EXERCISE OBJECTIVE>
Reproduce the entries shown below only from the line with "Custodia in pelle" down to the line with "Bonero chocolate covered", keeping both end lines and copying each one exactly.

RECORDS FOR THIS EXERCISE>

%%

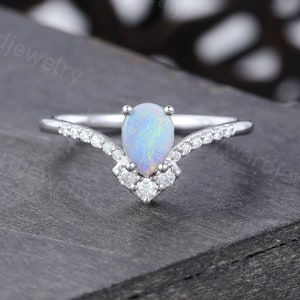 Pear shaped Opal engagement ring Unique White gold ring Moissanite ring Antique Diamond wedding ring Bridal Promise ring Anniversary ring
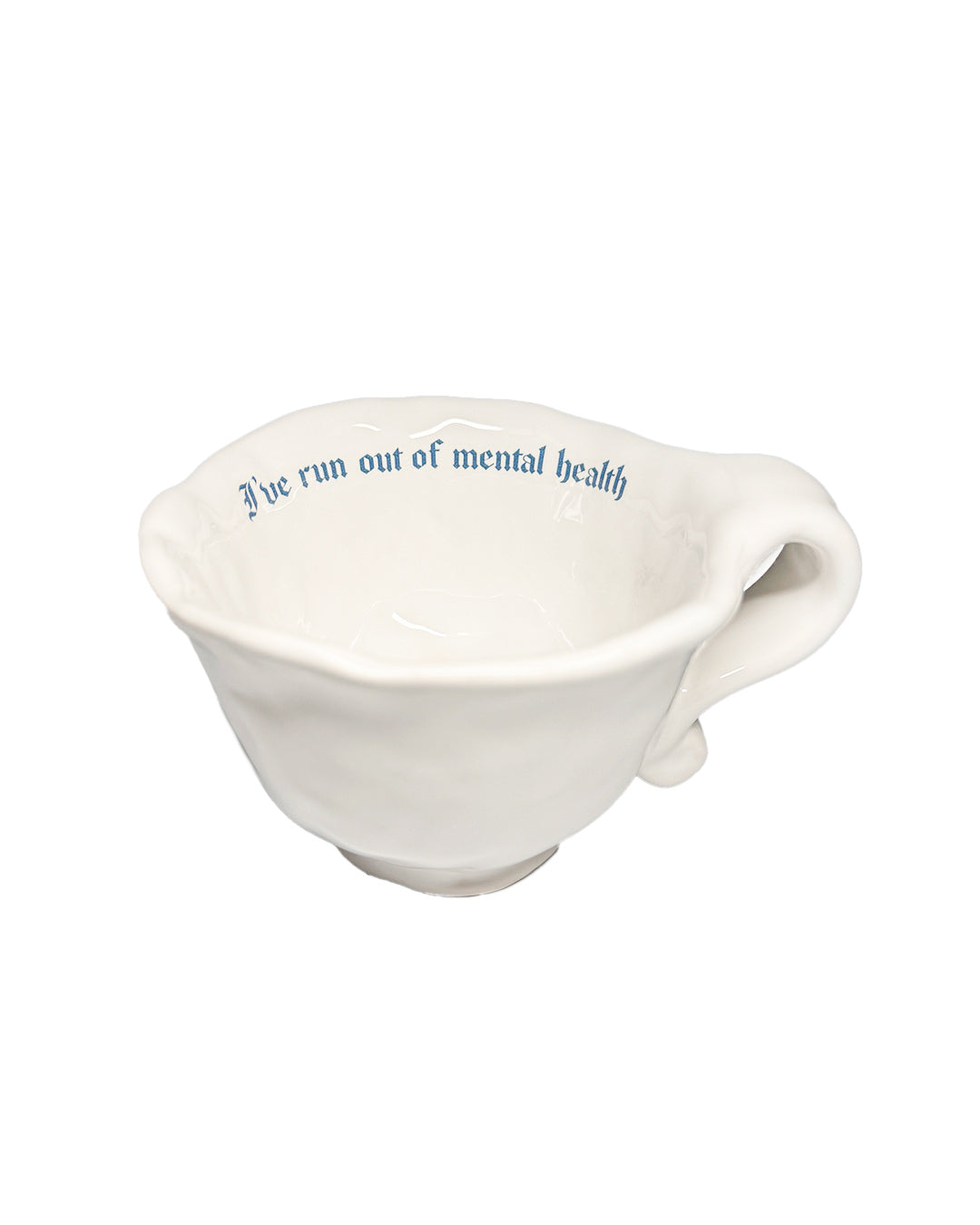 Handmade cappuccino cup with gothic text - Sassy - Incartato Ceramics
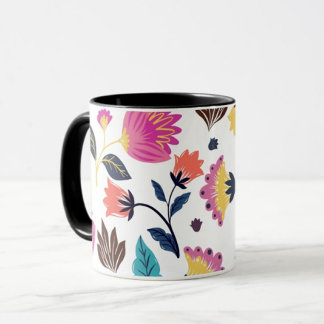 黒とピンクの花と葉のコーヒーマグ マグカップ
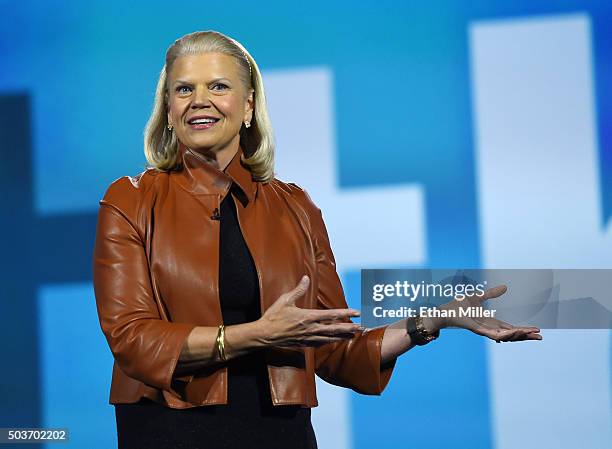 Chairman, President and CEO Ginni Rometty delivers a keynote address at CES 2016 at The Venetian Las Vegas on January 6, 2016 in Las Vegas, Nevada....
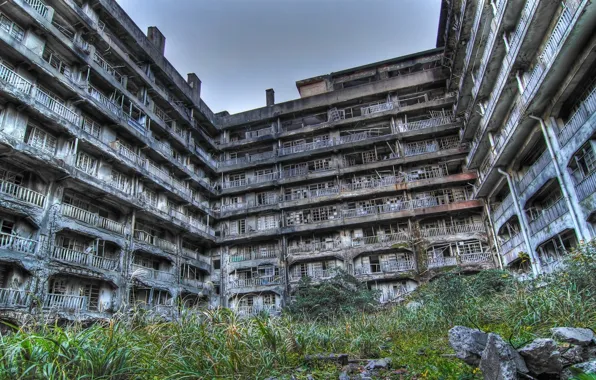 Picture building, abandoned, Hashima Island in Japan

%%
%%

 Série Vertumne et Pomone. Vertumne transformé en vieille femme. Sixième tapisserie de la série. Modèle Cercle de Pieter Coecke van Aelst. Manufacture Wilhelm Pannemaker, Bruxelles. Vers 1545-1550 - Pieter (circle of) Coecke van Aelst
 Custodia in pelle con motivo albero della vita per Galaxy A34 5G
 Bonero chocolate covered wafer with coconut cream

%%

ANSWER TO THE EXERCISE>
 Custodia in pelle con motivo albero della vita per Galaxy A34 5G
 Bonero chocolate covered wafer with coconut cream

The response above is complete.